During the reign of King John, England was at war with France. King John lost most of his lands and possessions in France.
To regain them, he decided to wage war and levied heavy taxes on his barons to raise the funds for the war.
After a long and expensive war, he was defeated and all his efforts came to nothing. This greatly angered the barons who rose up against the King in anger.
The rebel barons controlled a substantial area of England at the time. They demanded that the King grants them certain liberties and rights. These liberties were then enshrined in the Magna Carta.
The Magna Carta itself was a charter agreed upon by King John of England and the rebel barons.
It was drafted by the Archbishop of Canterbury and sealed by King John himself. The original charter guaranteed a number of rights for the barons.
It protected them from illegal imprisonment, granted them rights to a fair trial and justice, and also guaranteed the protection of church rights.
Although King John would later refuse to implement the charter, it was later confirmed by his successor, King Henry III, in 1215 and 1225.
The Magna Carta was the first written charter in which the King of England agreed to be held accountable by the law.
It was also the first time that a wide range of individual rights and liberties were confirmed by the crown.
The most notable among these was access to justice which protected a baron or serf from unwarranted prosecution or punishment.
The Magna Carta was reissued regularly whenever there were problems between the realm and its sovereign.
By the end of the 13th century, it had become entirely totemic.
In the 1270s, the Church of England demanded that a copy of the Magna Carta be displayed on the door of every major monastery and cathedral.
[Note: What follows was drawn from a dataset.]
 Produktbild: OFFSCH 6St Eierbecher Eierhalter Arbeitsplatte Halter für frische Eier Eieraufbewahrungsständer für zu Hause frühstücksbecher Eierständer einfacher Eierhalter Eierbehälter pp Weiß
It was now more than just a legal settlement.
It may be stated that the Magna Carta made a major difference to the political landscape of the 13th-Century. It laid the foundations of the Parliament. It asserted that the system of taxation (previously arbitrarily applied) needed the consent of the kingdom.
It also stopped many other sources of revenue, forcing the king to become dependent on tax collections. Lastly, it paved the way for making concessions for knights in the counties and burgesses in the towns and allowed them to be represented in the English Parliament.
The Magna Carta, in essence, laid the foundations for the tax-based Parliamentary state. It put an end to arbitrary Kingship, preventing the ruling kings of England from exploiting the people. It survived long after many of the royals, becoming a point of principle rather than a point of practical politics.